Maybe I have become accepting or comfortable being uncomfortable. One close friend told me she thought I was stuck, and I considered her observation, but don’t think that it is entirely the case. I am content with my home and social life. I have good communication with my teenage son and am in regular contact with my friends and family. I’m doing things that I find fulfilling on a personal level, giving myself time for writing, reading and practicing yoga. My malaise lies primarily with the job situation (and accompanying remuneration), which is no longer fulfilling or engaging, and I can’t seem to jump-start myself to do something about it! It isn’t just about getting another job, but about using my time, energy and experience in a more stimulating way.

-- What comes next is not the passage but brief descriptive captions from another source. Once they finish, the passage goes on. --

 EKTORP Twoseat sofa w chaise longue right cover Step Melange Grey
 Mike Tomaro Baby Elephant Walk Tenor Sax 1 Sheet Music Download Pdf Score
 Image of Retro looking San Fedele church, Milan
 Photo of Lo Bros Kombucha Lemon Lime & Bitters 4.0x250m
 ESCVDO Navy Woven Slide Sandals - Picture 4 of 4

Having grappled with this situation for a while unsuccessfully, I am trying to think about it from other angles. So, I recently reached out to another very dear friend, I’ll call C, about my agita. Much to my surprise, she helped me to feel better immediately with her response of six little words: “I know just how you feel.” Upon hearing it, I found my spirits raised from one minute the next. It’s a relatively simple message when you think about it, but one that is rich in empathy and understanding. She wasn’t telling why I was feeling a certain way or giving me advice on what to do to feel better. She was relating to me and my situation and feelings.

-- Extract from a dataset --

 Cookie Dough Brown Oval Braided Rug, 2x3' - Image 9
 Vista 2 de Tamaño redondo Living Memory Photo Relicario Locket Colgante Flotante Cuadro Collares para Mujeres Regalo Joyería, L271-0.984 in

C’s comment reminded me that there are others, like me, who are also tackling or have tackled their own versions of this challenge, herself included. She took away my sense of isolation, and I was relieved to let it go. Suddenly, I didn’t feel so trapped or alone in my predicament. I felt less embarrassed and less inept at my difficulty to overcome that, which has become my Everest. It made such a difference to be reminded that I’m not the only one trying to climb this mountain.

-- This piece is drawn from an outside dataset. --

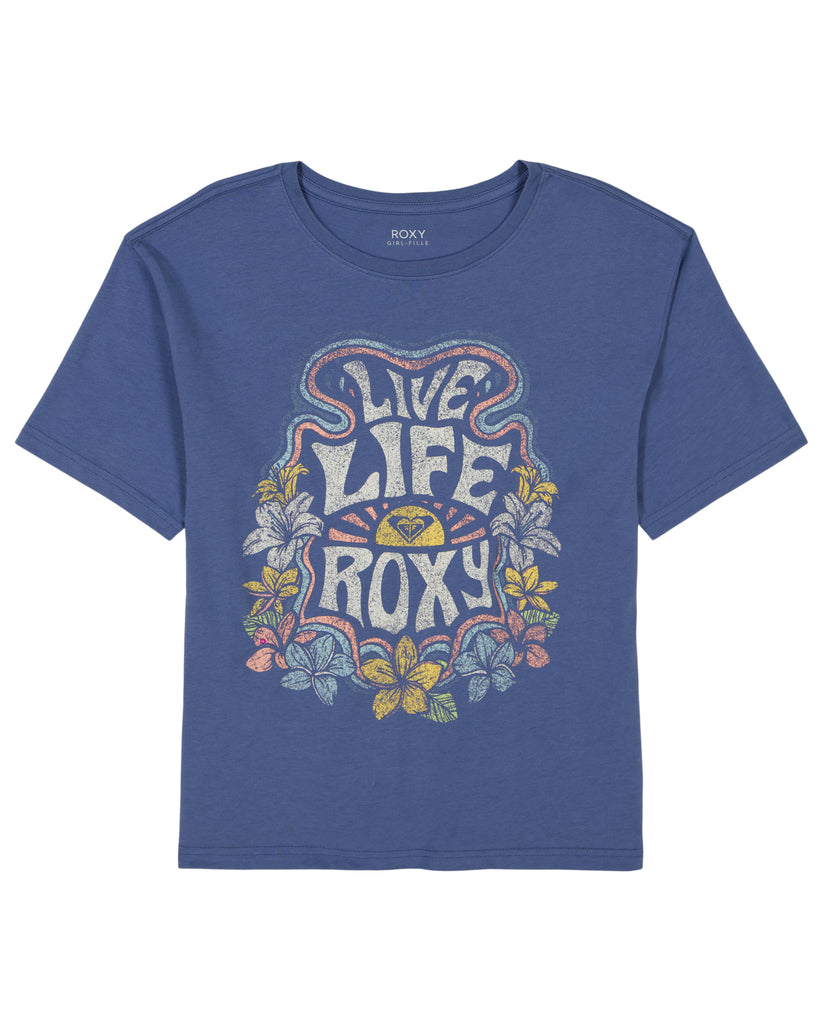 Girls\'s Roxy® Live Life Oversized T-Shirt Blue | QUYL-64280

I guess I have been stuck or paralyzed by my own aversion to this process, partly because of age, partly because of the changing work environment and partly because of my fear of rejection and failure. I also think I’ve made this challenge larger than it actually is. The process becomes more palpable when I break it down into smaller steps and consider the extent of my professional skills and experience and then think about work environments that could use either or both. So, there are ways to be more proactive right now. I needed to hear C’s message, and you can bet that I thanked her for it. I just hope I can share it with others who would benefit from it as well.